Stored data
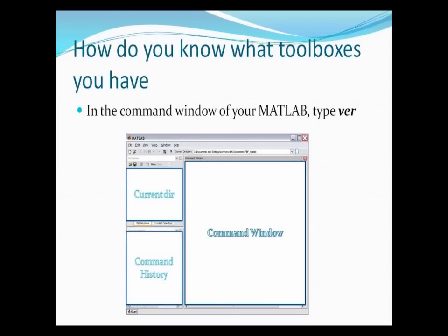MATLAB has a few different windows: the command window, the current directory window, and the command history window. Many people want to know how to find out the version of their MATLAB. What you can do is type 'ver' in the command window and press Enter. It will list out all the toolboxes you have and the version of your MATLAB.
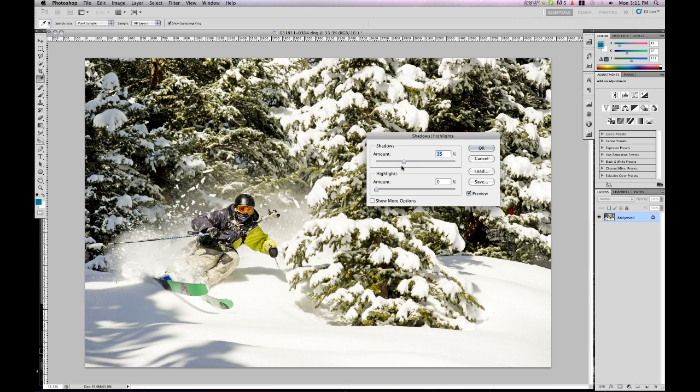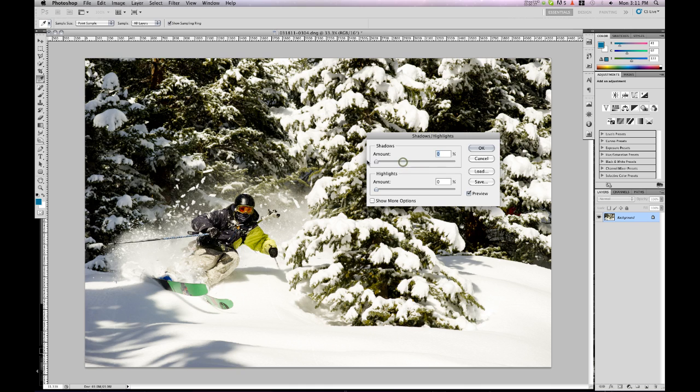As you can see it comes on fairly strong. It's brightening the shadows by 35%. I'm going to drop it to 0 and that's where we started.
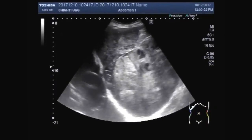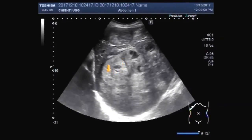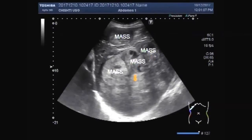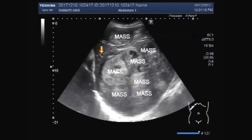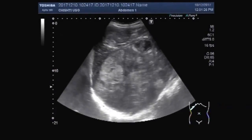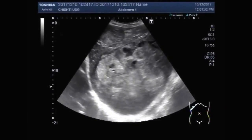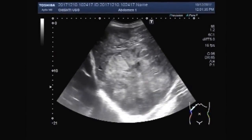This ultrasound video shows multiple masses in the hepatic parenchyma. You can see these multiple masses. Nearly the whole of the hepatic parenchyma is involved. You can see these semi-solid to solid masses.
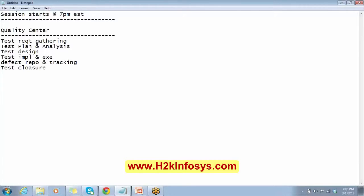So these are the different steps that we perform in order to do the testing process. Now there are certain kinds of issues that we need to address here, and we will try to understand about that.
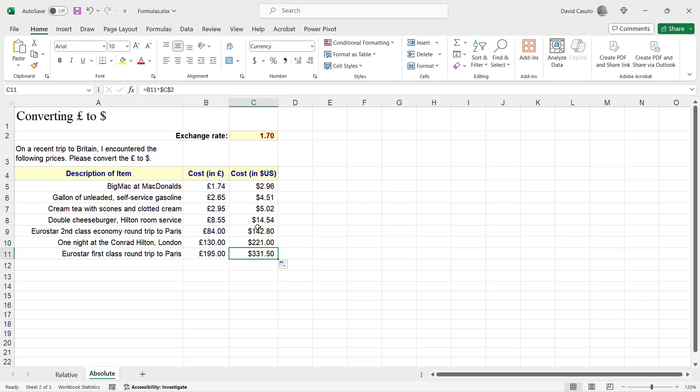And you're going to see that it's not as commonly used as a relative reference, but at some point you will see this in your Excel career. So it's very important to be able to identify it and also know when to use it.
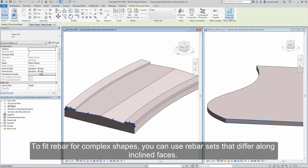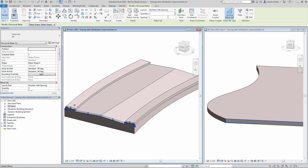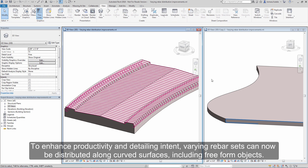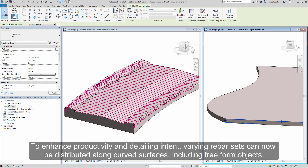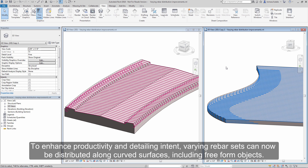To fit rebar for complex shapes, you can use rebar sets that differ along inclined faces. To enhance productivity and detailing intent, varying rebar sets can now be distributed along curved surfaces, including freeform objects.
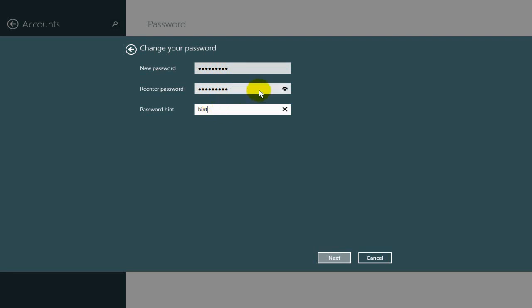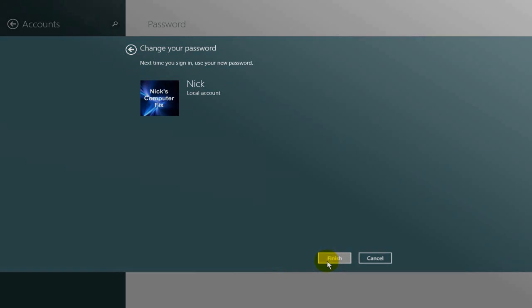Once done, click on Next, and then click on Finish.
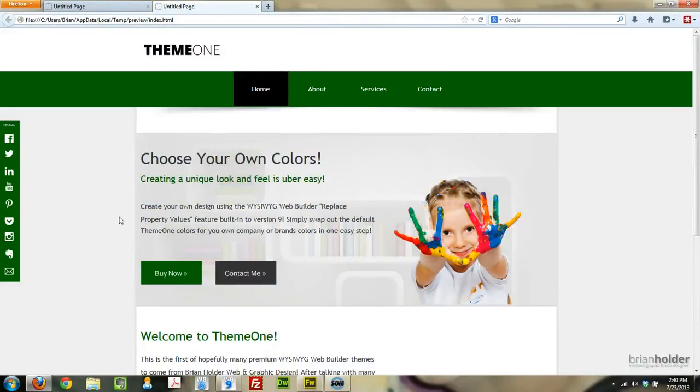Hey guys, Brian Holder here, Brian Holder Graphic Design. Got a WYSIWYG Web Builder 9 tutorial for you today.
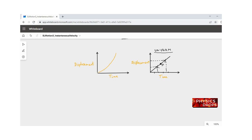If we plot displacement and time and the velocity is not uniform — for example, if it keeps increasing at regular time intervals — then to find the instantaneous velocity at a particular point p, we differentiate the equation of the curve. We then replace the variable with the corresponding time value at that instant to get the instantaneous velocity at point p. This is how we find instantaneous velocity.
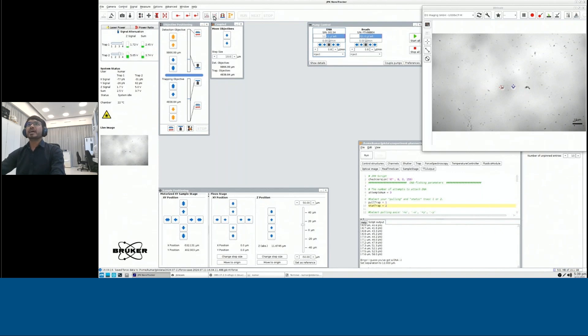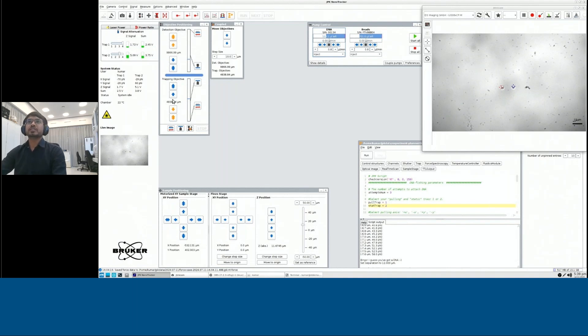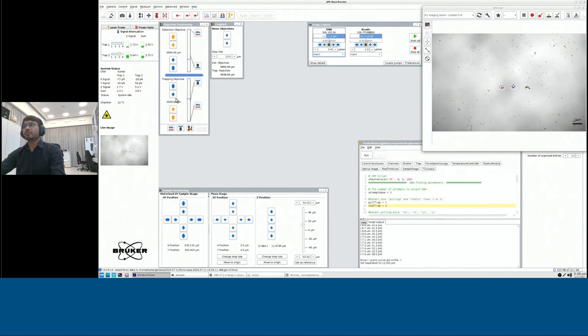Then we have a window where we could use detection objective or trapping objective to move and then go into the focus plane and trap some particles.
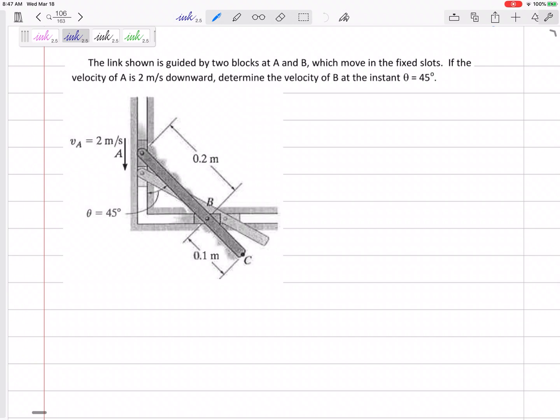Let's look at this problem. We've got link ABC guided by two blocks that move in fixed slots. Point A moves down one slot and point B moves down the other slot. The velocity of A is downward at two meters per second. We need to find the velocity of B at the instant theta equals 45 degrees. We're in the section on relative velocity.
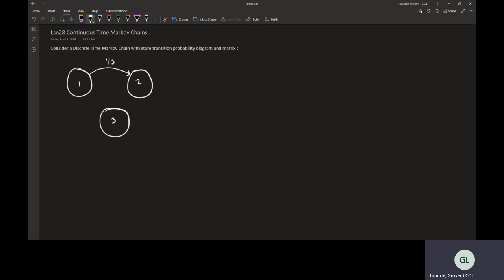This should look familiar to those in the course, because this is the one that's in the book. So one-half here, and we're going to go from one to three with probability two-thirds, from three back to one is three-fourths, two to three is one-half, and three to two is one-fourth.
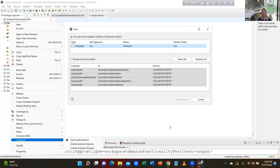You are ready to convert the project into a BDD Cucumber project — not TestNG, BDD Cucumber. Once you can complete this project you become an automation engineer. Until you cannot complete a project using BDD Cucumber you are a junior automation engineer — once you can, you become an automation engineer.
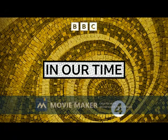This is the BBC. This podcast is supported by advertising outside the UK. Thanks for downloading the In Our Time podcast. For more details about In Our Time and for our terms of use, please go to bbc.co.uk forward slash radio 4. I hope you enjoy the programme.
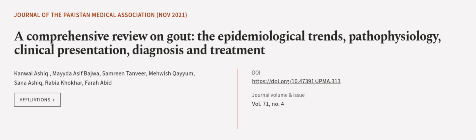This article was authored by Kinval Ashik, Maida Asif Bajwa, Samreen Tanvir, and others. Wearearticle.tv, links in the description below.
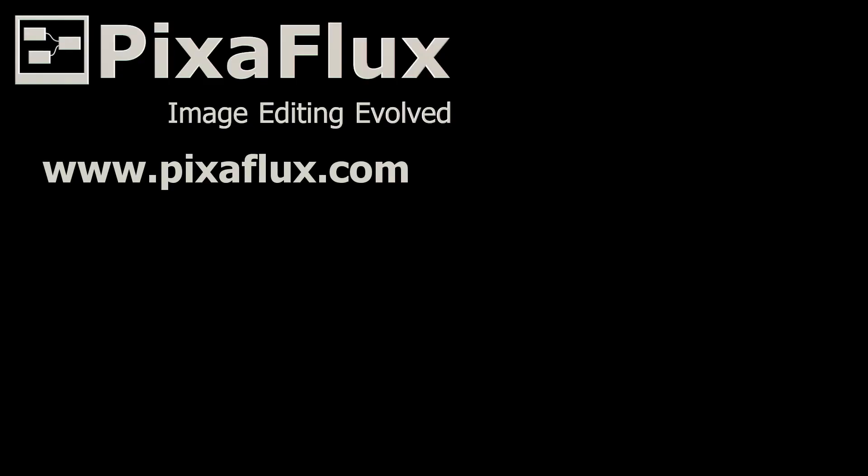Thank you for watching this Pixaflux video tutorial. Please subscribe to our YouTube channel and follow us in Twitter and Facebook.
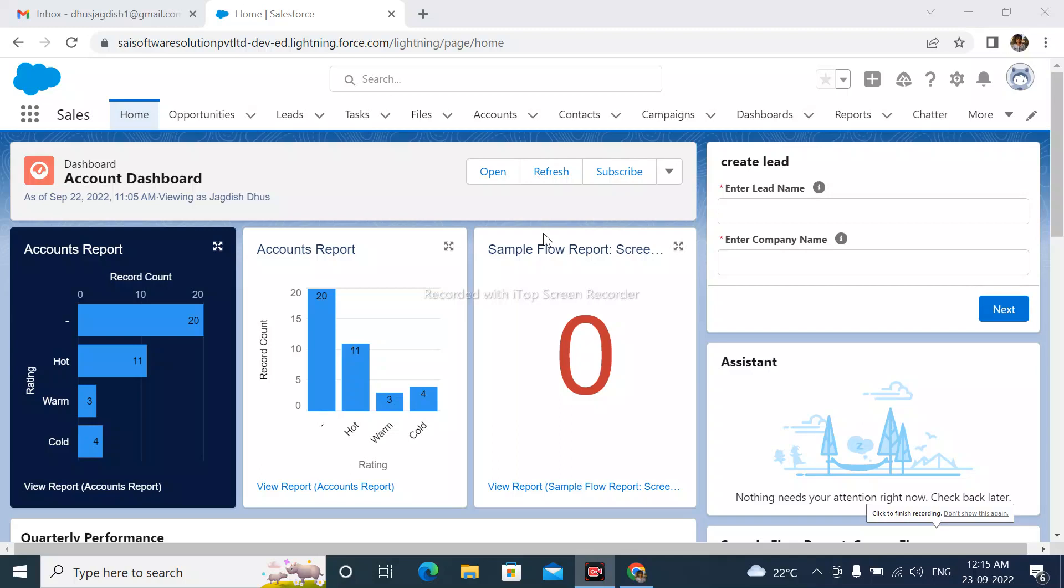Hello friends, welcome to my channel. My name is Jagdish. In this video, we will learn how to export reports from Salesforce into Excel and CSV format. If you want to learn more about reports and dashboards, please watch all videos in this playlist. Let's start.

• Work task: Output all the entries exactly, minus any pictures.

• Output of the task:
MATLAB has a few different windows: the command window, the current directory window, and the command history window. Many people want to know how to find out the version of their MATLAB. What you can do is type 'ver' in the command window and press Enter. It will list out all the toolboxes you have and the version of your MATLAB.
As you can see it comes on fairly strong. It's brightening the shadows by 35%. I'm going to drop it to 0 and that's where we started.
This ultrasound video shows multiple masses in the hepatic parenchyma. You can see these multiple masses. Nearly the whole of the hepatic parenchyma is involved. You can see these semi-solid to solid masses.
So these are the different steps that we perform in order to do the testing process. Now there are certain kinds of issues that we need to address here, and we will try to understand about that.
And you're going to see that it's not as commonly used as a relative reference, but at some point you will see this in your Excel career. So it's very important to be able to identify it and also know when to use it.
To fit rebar for complex shapes, you can use rebar sets that differ along inclined faces. To enhance productivity and detailing intent, varying rebar sets can now be distributed along curved surfaces, including freeform objects.
Once done, click on Next, and then click on Finish.
Hey guys, Brian Holder here, Brian Holder Graphic Design. Got a WYSIWYG Web Builder 9 tutorial for you today.
If we plot displacement and time and the velocity is not uniform — for example, if it keeps increasing at regular time intervals — then to find the instantaneous velocity at a particular point p, we differentiate the equation of the curve. We then replace the variable with the corresponding time value at that instant to get the instantaneous velocity at point p. This is how we find instantaneous velocity.
Then we have a window where we could use detection objective or trapping objective to move and then go into the focus plane and trap some particles.
Let's look at this problem. We've got link ABC guided by two blocks that move in fixed slots. Point A moves down one slot and point B moves down the other slot. The velocity of A is downward at two meters per second. We need to find the velocity of B at the instant theta equals 45 degrees. We're in the section on relative velocity.
This should look familiar to those in the course, because this is the one that's in the book. So one-half here, and we're going to go from one to three with probability two-thirds, from three back to one is three-fourths, two to three is one-half, and three to two is one-fourth.
You are ready to convert the project into a BDD Cucumber project — not TestNG, BDD Cucumber. Once you can complete this project you become an automation engineer. Until you cannot complete a project using BDD Cucumber you are a junior automation engineer — once you can, you become an automation engineer.
This is the BBC. This podcast is supported by advertising outside the UK. Thanks for downloading the In Our Time podcast. For more details about In Our Time and for our terms of use, please go to bbc.co.uk forward slash radio 4. I hope you enjoy the programme.
This article was authored by Kinval Ashik, Maida Asif Bajwa, Samreen Tanvir, and others. Wearearticle.tv, links in the description below.
Thank you for watching this Pixaflux video tutorial. Please subscribe to our YouTube channel and follow us in Twitter and Facebook.
Hello friends, welcome to my channel. My name is Jagdish. In this video, we will learn how to export reports from Salesforce into Excel and CSV format. If you want to learn more about reports and dashboards, please watch all videos in this playlist. Let's start.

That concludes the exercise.